**Task objective**
Would you write out, exactly as they stand, all lines from the one containing "사진 = 해당 동영상 캡쳐." through the end of the listing below, and only those?

**Collected material**
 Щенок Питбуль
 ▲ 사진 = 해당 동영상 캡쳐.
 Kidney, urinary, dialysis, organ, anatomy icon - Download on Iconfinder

**Output below**
 ▲ 사진 = 해당 동영상 캡쳐.
 Kidney, urinary, dialysis, organ, anatomy icon - Download on Iconfinder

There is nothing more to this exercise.